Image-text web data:
▼

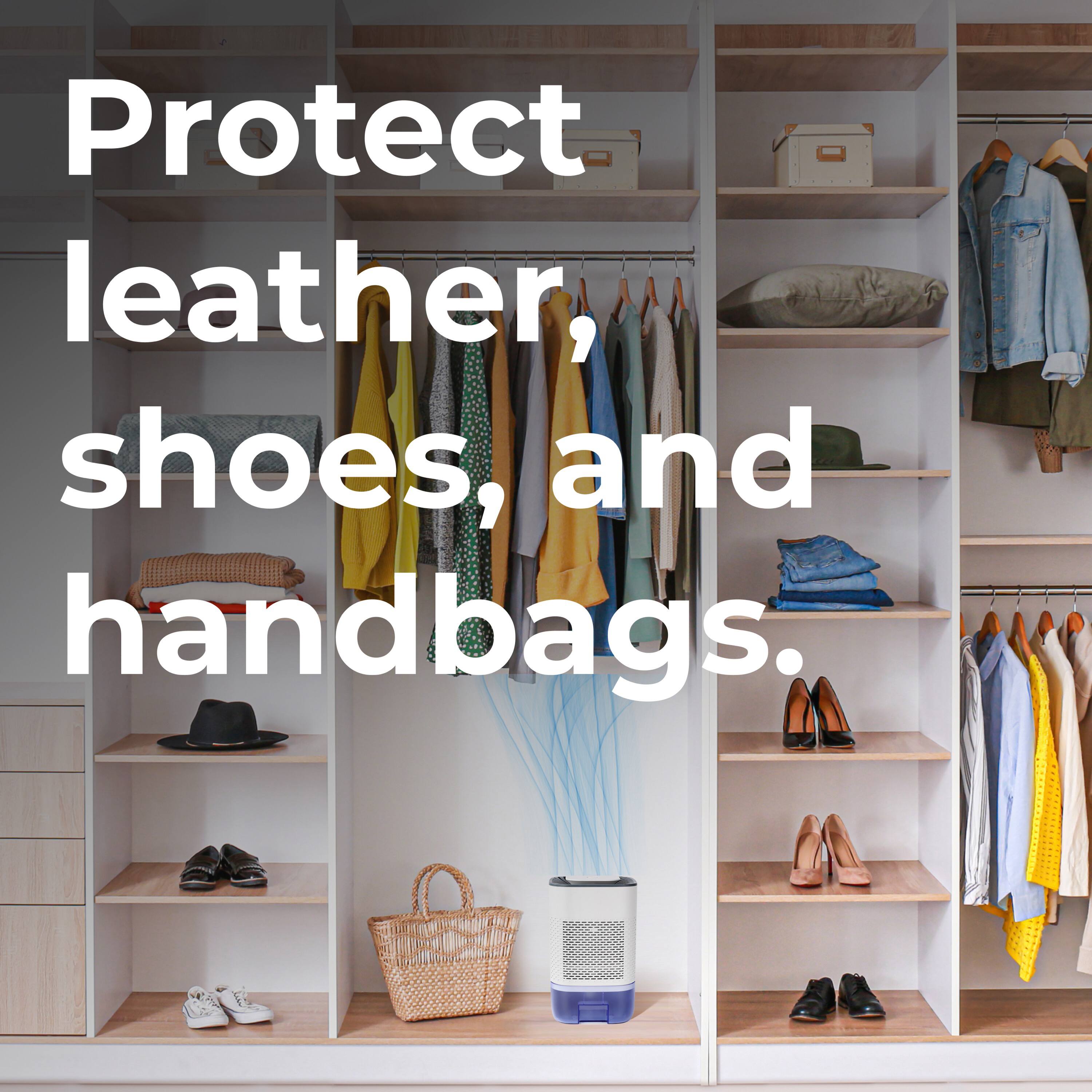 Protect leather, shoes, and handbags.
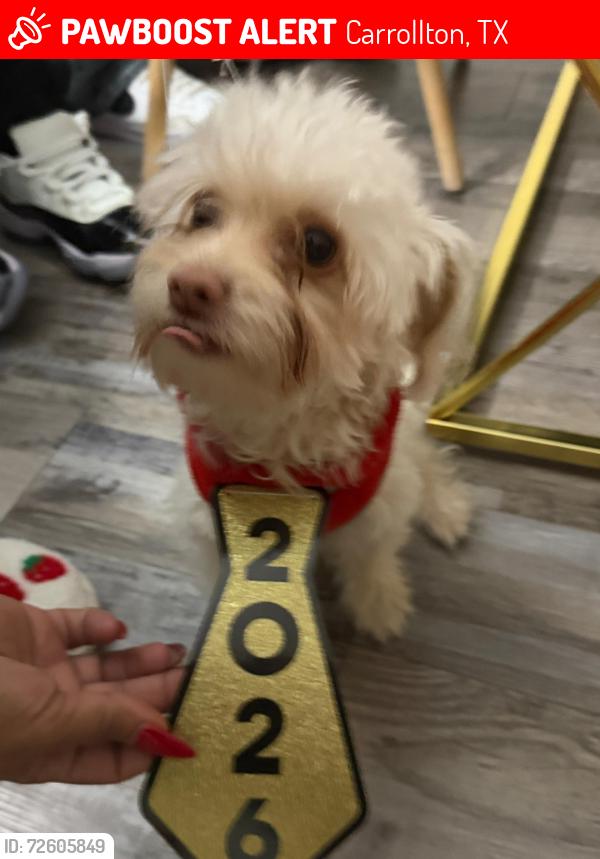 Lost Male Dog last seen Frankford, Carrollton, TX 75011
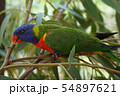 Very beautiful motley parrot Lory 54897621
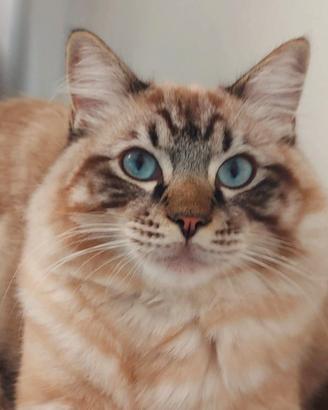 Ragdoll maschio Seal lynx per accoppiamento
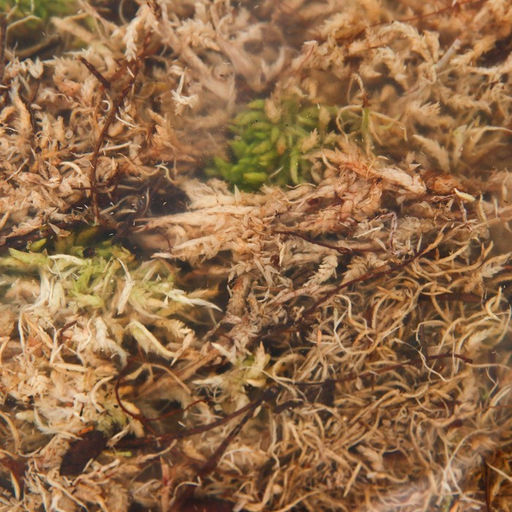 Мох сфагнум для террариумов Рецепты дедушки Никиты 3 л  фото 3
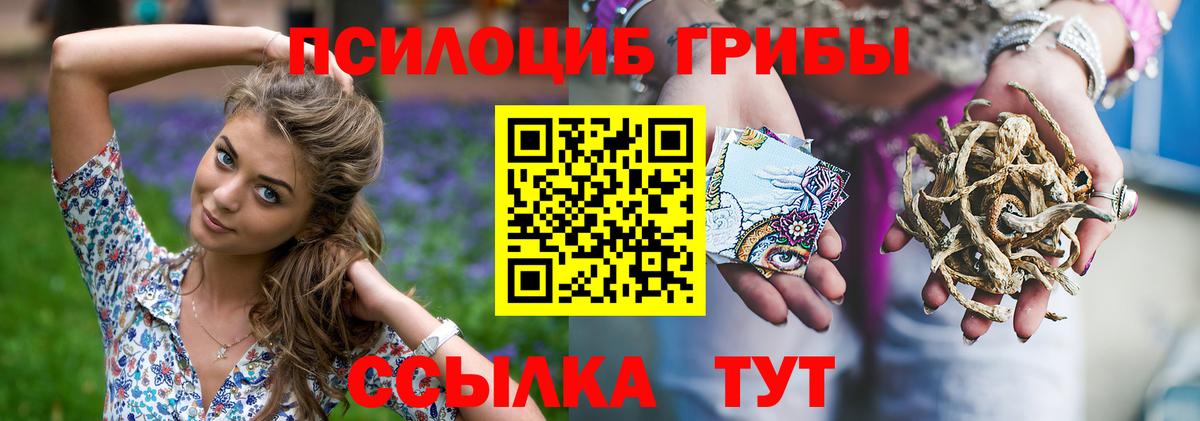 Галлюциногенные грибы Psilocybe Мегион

▲

**ASSIGNED TASK:**
Could you reproduce the entries verbatim, leaving out all pictures?

**TASK ANSWER:**
 Protect leather, shoes, and handbags.
 Lost Male Dog last seen Frankford, Carrollton, TX 75011
 Very beautiful motley parrot Lory 54897621
 Ragdoll maschio Seal lynx per accoppiamento
 Мох сфагнум для террариумов Рецепты дедушки Никиты 3 л  фото 3
 Галлюциногенные грибы Psilocybe Мегион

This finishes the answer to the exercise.